Sopra tutti si desidera riportare il pensiero di Seema Khan, che in un documento preparato come risposta a una domanda posta al Governance and Social Development Resource Centre, esprime come sia maggiormente desiderabile sia per le agenzie governative, sia per quelle non governative e di supporto applicare politiche locali, che tengano conto dei desideri e delle necessità specifiche della comunità oggetto dell’emergenza, calibrando le soluzioni prestabilite e organizzandole in maniera tale che possano generare tattiche ready-made, prendendo adeguatamente in considerazione i bisogni specifici e non pretendendo piuttosto che soluzioni preordinate si adattino comunque.

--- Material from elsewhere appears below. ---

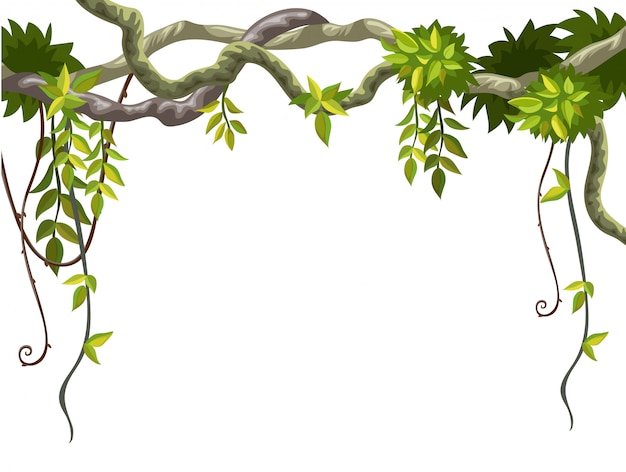 jungle vines clipart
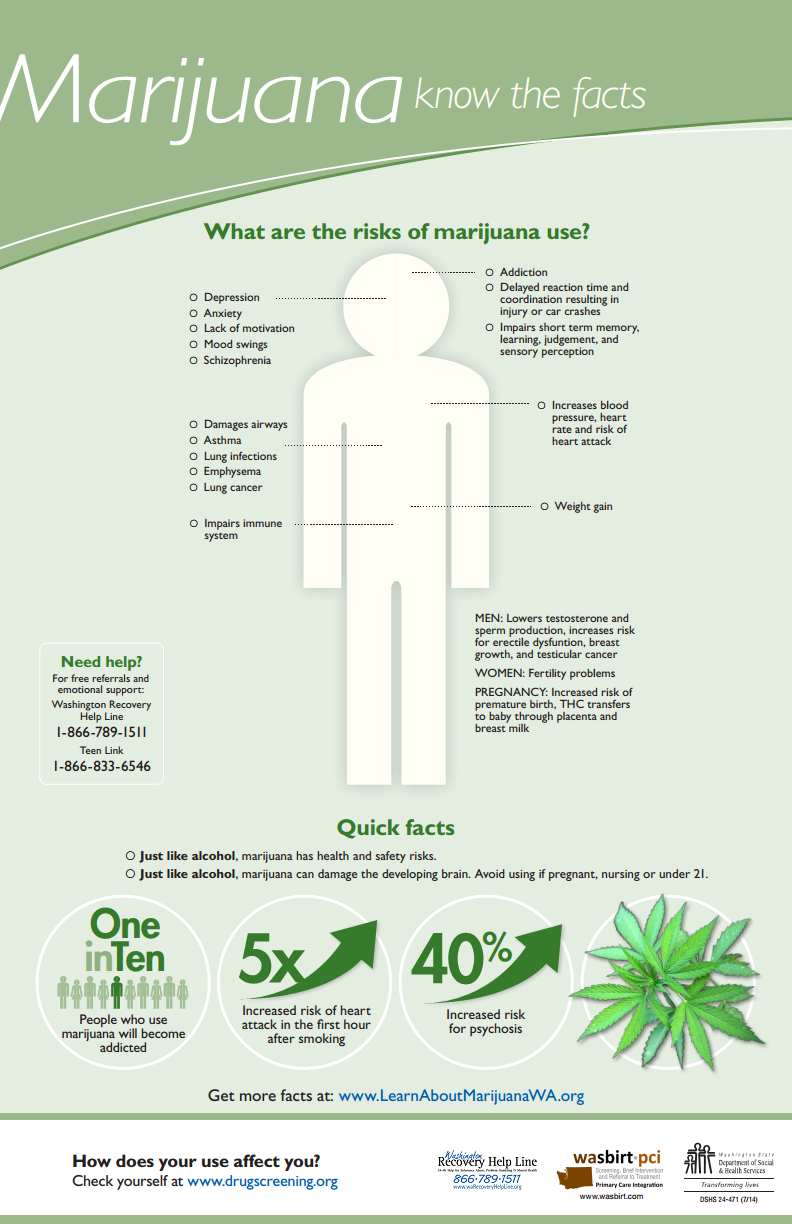 Marijuana You University Of Puget Sound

Ecco, dunque, il ruolo del co-design, e del design in generale, che a partire da meta-soluzioni, se vogliamo macro-schematiche, grazie a un’adeguata integrazione di dati proveniente dall’ascolto della comunità sul territorio agevola e rende nodale l’indispensabile fase di preparazione (per entrambe le parti) e consente il necessario adattamento, delle soluzioni prestabilite al territorio. Sta cambiando, infatti, il modo di percepire la comunità stessa, nel pensiero generalizzato e all’interno degli organi governativi e non preposti al soccorso. Si sta correttamente abbandonando la tendenza ad approcciare il tema e il problema – quando questo si verifichi – in maniera sovraordinata, anche perché l’approccio dall’alto verso il basso ha dimostrato di non dare i frutti sperati. Un coinvolgimento attivo, partecipativo, tipico del co-design appunto, prepara a buone pratiche e a corretti sistemi di risposta, e in qualche modo anche se passibile di errori in maggior misura fa sentire allo stesso tempo importanti e curati, parte del processo e oggetto d’interesse. È quel processo di “tailorizzazione” di cui parla Benedetta Spadolini, a proposito della sua idea di design su misura: un “su misura” che è fatto allo stesso tempo di data e di esperienza diretta, acquisita con l’osservazione sul campo, e che poi applicato fornisce eventualmente soluzioni e punti di vista alternativi e trasversali. In questo senso, il pensiero alla base della disciplina del design lo qualifica come strumento, necessario e anticipatore, a favore della gestione dell’emergenza. Si pone, infatti, come un ponte: in accordo con la sua specifica missione, offre al singolo e alle comunità soluzioni per problemi e bisogni specifici, tangibili e sostenibili, condivisibili. Ancora, offre agli organi preposti a gestire l’emergenza una possibilità di dialogo, attraverso piattaforme elastiche ed esatte allo stesso tempo, implementabili e ispiratrici. Per preparare tutti (non soltanto chi poi dovrà operare sul campo) nell’eventualità che non ci sia mai bisogno di testare la validità di un processo partecipativo, attraverso un sistema performante che parli un linguaggio ormai largamente condiviso.